Starting March 8th, Ahwatukee landlords and tenants can apply for up to 15 months of assistance to pay off rent and / or utilities 12 months overdue. You can also request pending payments for three months.

“I’m proud of [Phoenix] Mayor Kate Gallego said in a tweet after the council unanimously voted for the aid package last week. “By approving $ 51 million for rental and utility services, we’re giving our residents both financial and emotional relief when they need it most.”

The relief comes from a $ 25 billion national emergency aid program that Congress launched in January to help people struggling with rising household bills due to the pandemic.

The Arizona Department of Economic Security received approximately $ 492 million and is working with local governments to disburse aid nationwide, according to Governor Doug Ducey.

“We want to make sure Arizona tenants have the resources and support they need,” Ducey said in a press release. “The rental assistance program will keep families and those in need in their homes and help them get back on their feet as we overcome the effects of the pandemic.”

Phoenix’s Deputy City Administrator Ingar Erickson said the city provided $ 29.2 million in rental and mortgage assistance to over 5,700 households in Phoenix in 2020 as part of its Coronavirus Relief Fund program.

Unlike last year’s relief, the new plan doesn’t provide assistance with mortgage payments, and applicants must meet strict income requirements to qualify for the rental and utility allowance.

The program will now prioritize Phoenix residents who have been unemployed for more than 90 days and who earn at least 50 percent of the area’s median income – the center of a region’s income distribution.

For example, 50 percent of the median area income of a family of four in Phoenix is ​​$ 38,900 per year.

The program also provides assistance to residents with or below 80 percent of the area median income, which is $ 62,250 for a family of four.

All applicants must provide evidence of a loss of income due to the COVID-19 pandemic.

Payments are made directly to the landlord or utility company on behalf of the tenant.

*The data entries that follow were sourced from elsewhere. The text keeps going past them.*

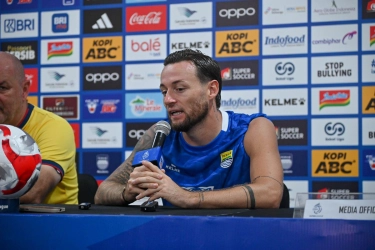 Marc Klok Buka Alasan Persib Tenang di Bursa Transfer Paruh Musim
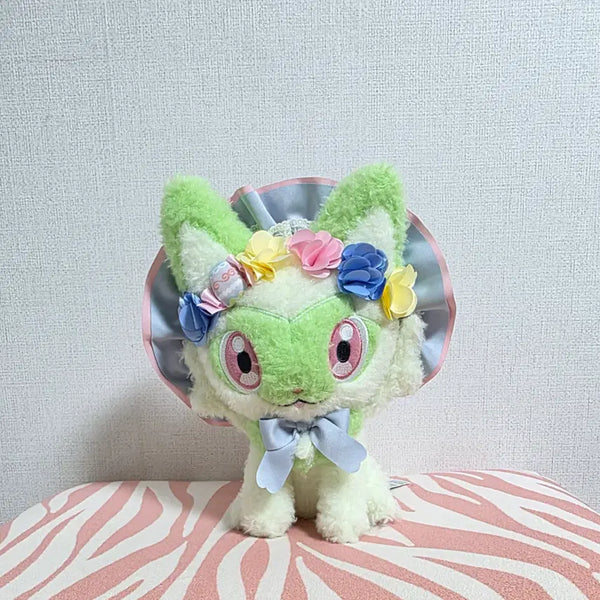[BUNJANG] Pokemon Botanical Easter Naohah Plush Toy / 'Pokemon Botanical Easter' (이스터,부활절) 나오하 봉제인형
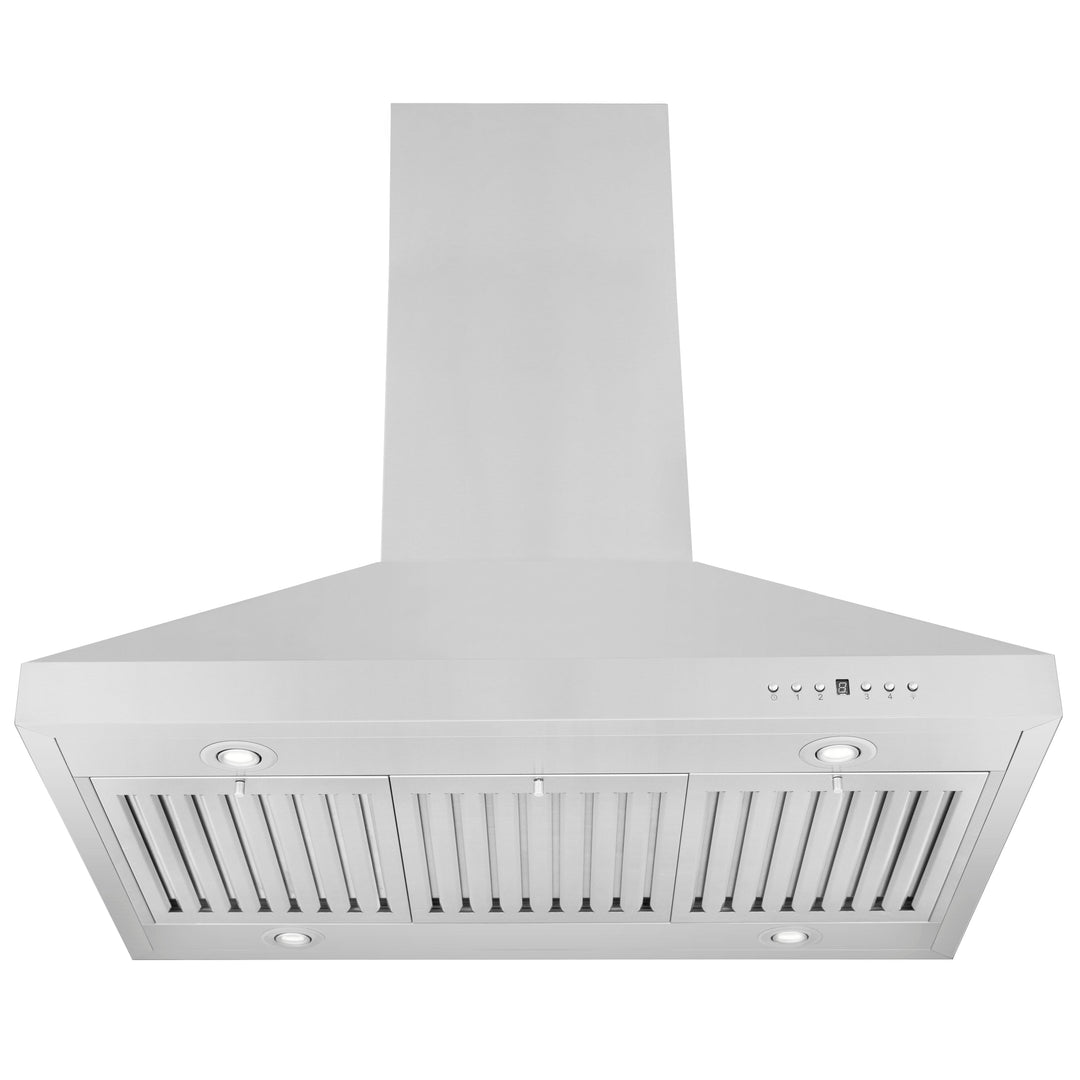 ZLINE 30" Convertible Island Mount Range Hood in Stainless Steel (KL3i-30)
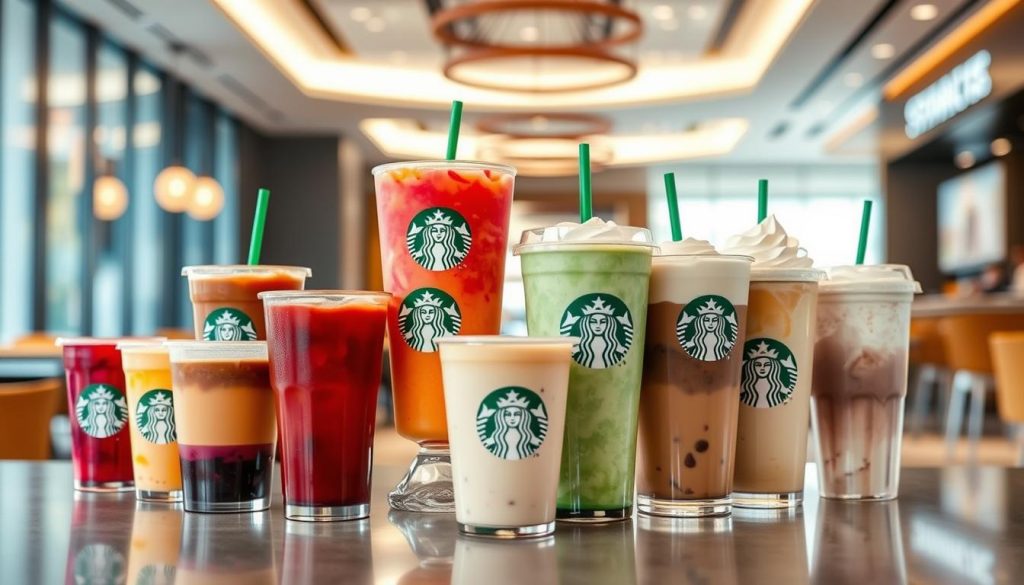 International Starbucks Exclusive Drinks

The Phoenix Human Services division will work with Wildfire, a local nonprofit fighting poverty, to provide residents with personal and online rental assistance.

About half, or $ 26.1 million, will be paid out through the Human Services division and the remaining $ 25 million will go through Wildfire to provide rental support services through the network of nonprofits.

Ten percent of the funds flow into the city’s administrative costs.

City and community administrators are focused on improving communications with the community and expanding access to financial services for those in need, said Cynthia Zwick, Wildfire’s executive director, at the meeting on Tuesday.

“What we’re seeing this time, and what we’ve learned from the last program we managed, is that applicants have problems and continue to have problems,” said Zwick. “They will apply in as many places as possible, as often as they can, until they feel they are getting the support they need.”

Three service centers are available for personal support for people with limited Internet access.

They are: Sunnyslope Family Services Center, 914 W. Hatcher Road; John F. Long Family Service Center at Maryvale, 3454 N. 51st Ave; and Travis L. Williams Family Services Center, located south of Phoenix at 4732 S. Central Ave.

The services will be available in English and Spanish, along with translation options for other spoken languages, and requests can be made through an existing central admission line at 602-534-2433.

“We know the people in our community are suffering, we know the people are in need, we don’t know how many, but we know the people are in need,” said Erickson, adding that she and his department “extremely excited about the people opportunity to be the lifeline of these people.”